## Task requirements
From the line containing "Walnut Flat Frame" to the line containing "Tapis beige soyeux et moelleux" in the records below, set down every line exactly as it stands, both ends included, and skip the pictures.

## Material supplied
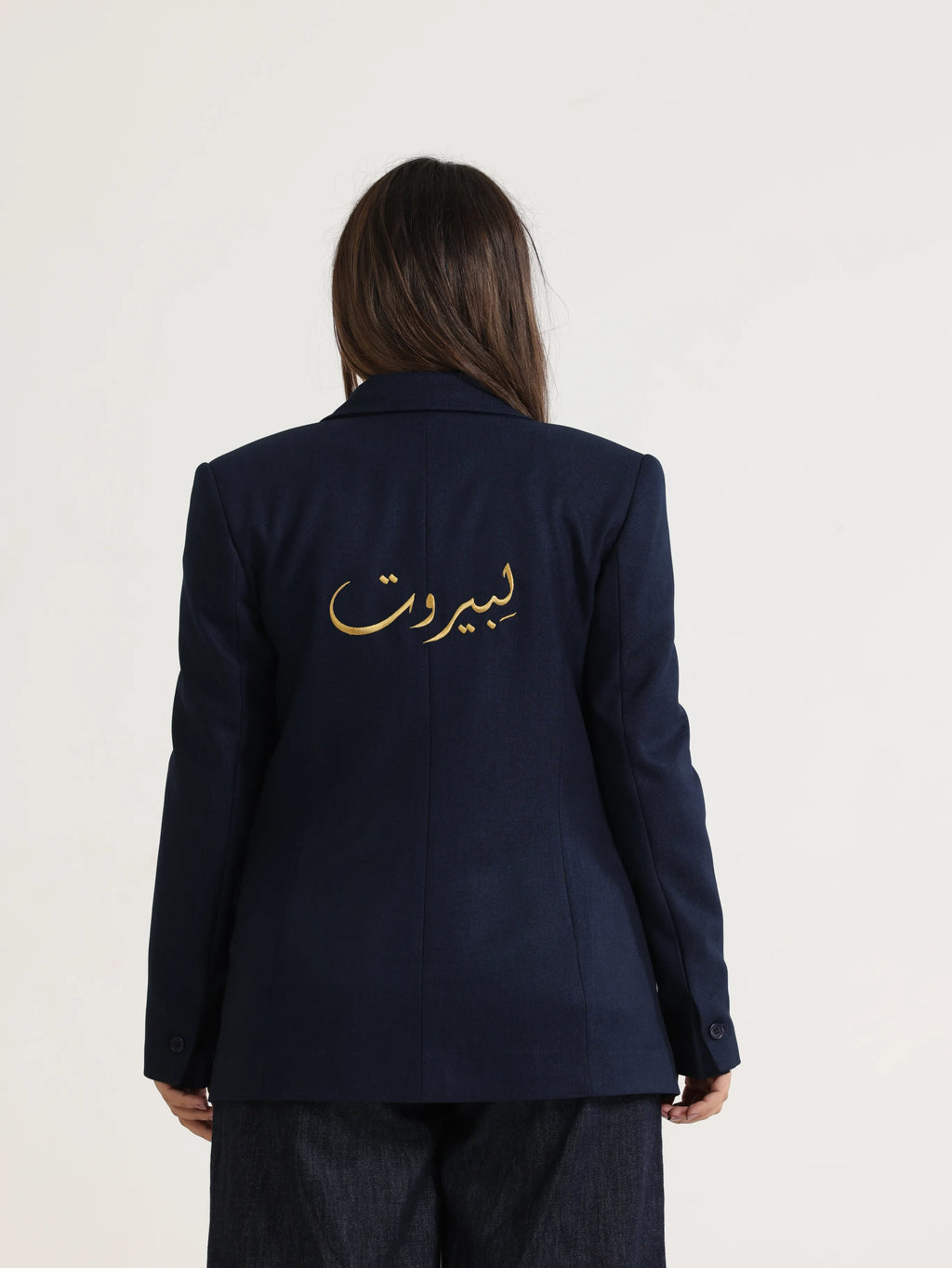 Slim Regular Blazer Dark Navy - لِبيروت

==

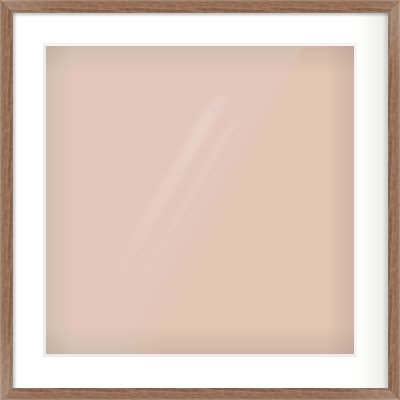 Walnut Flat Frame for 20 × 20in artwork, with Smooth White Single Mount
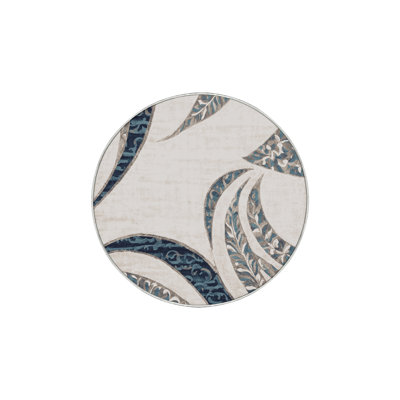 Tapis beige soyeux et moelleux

## Response to this task
 Walnut Flat Frame for 20 × 20in artwork, with Smooth White Single Mount
 Tapis beige soyeux et moelleux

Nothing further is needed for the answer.